Brendan Widlake, business development executive at Stratus Technologies, delves into what business critical actually means these days.
In today’s always-on, increasingly complex IT world, organisations and their CIOs are faced with an unprecedented set of challenges. IT departments are not only required to cater for the continuous expansion of users, environments and devices, but are expected to create an infrastructure that can compete in a global economy, increase revenue and reduce costs, comply with regulations, mitigate outages, as well as plan for business continuity. And it is all of these factors that are driving the increased demand for reliable, continuous availability of the most critical applications, with no tolerance for down time and the associated business impact.
Business now is business critical
In the past, the definition of what constituted business critical was relatively well understood. Here industries on which down time had the most impact were usually restricted to the financial, supply chain and sometimes telecommunications sectors. Today areas such as data analytics, sales force automation, CRM, web content, social applications and logistics, all of which could impact the customer experience, have found their way into the business critical realm.
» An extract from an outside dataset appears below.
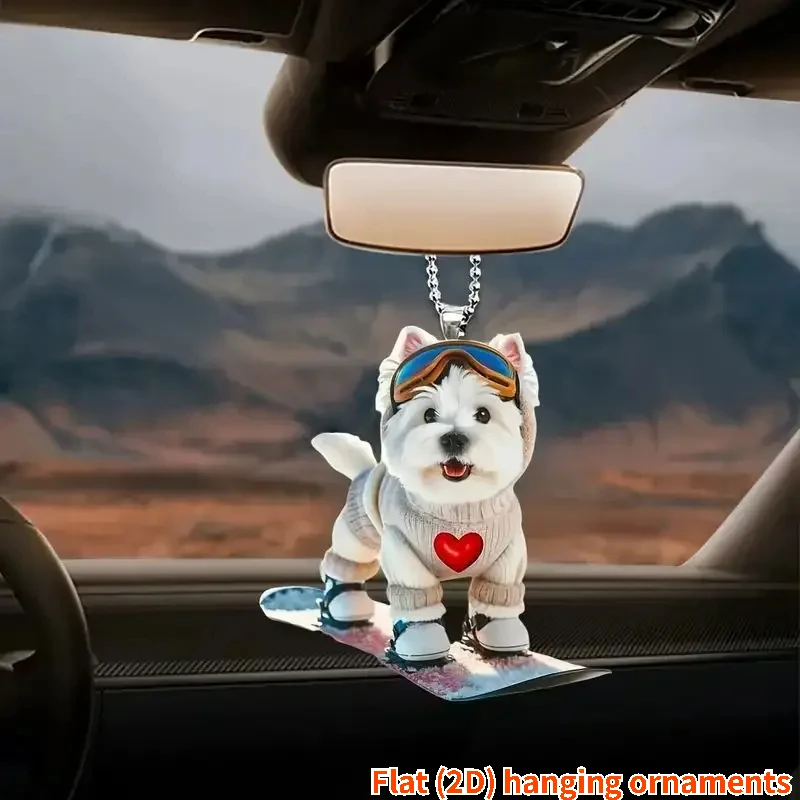 Skateboard Dog Backpack Rearview Mirrors Pendant Car Hanging Ornaments Car Decoration Accessories Gifts for Women Men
It is through our dealings with customers, qualifying which of their applications are indeed critical and building the appropriate availability solutions, that we are broadly seeing three categories emerging. Here the applications identified are those that if they were unavailable would have a significant impact to the revenue of a company, the reputation of a company, or to the lives of the staff or customers.
Three key areas
Applications that could have an impact on the revenue or the profitability of a company if unavailable are usually the first to be identified when planning for availability or business continuity. They are also the easiest to identify as they are usually at the heart of business operations. As examples, in a retail bank the point of sale and ATM application suites that generate profits every time a card is swiped would be considered critical.
While reputation may not seem an obvious category to define as business critical, in our always-on world consumers are increasingly demanding continuous online self-service business services. The convenience of online transactional systems has transformed the way we search for and procure flights, cars, accommodation, insurance and banking, to name only a few. Just imagine if these systems were unavailable for a few hours. In this scenario today’s consumers would move on to the competition, never return and with increased frequency use social media platforms to vent their frustration.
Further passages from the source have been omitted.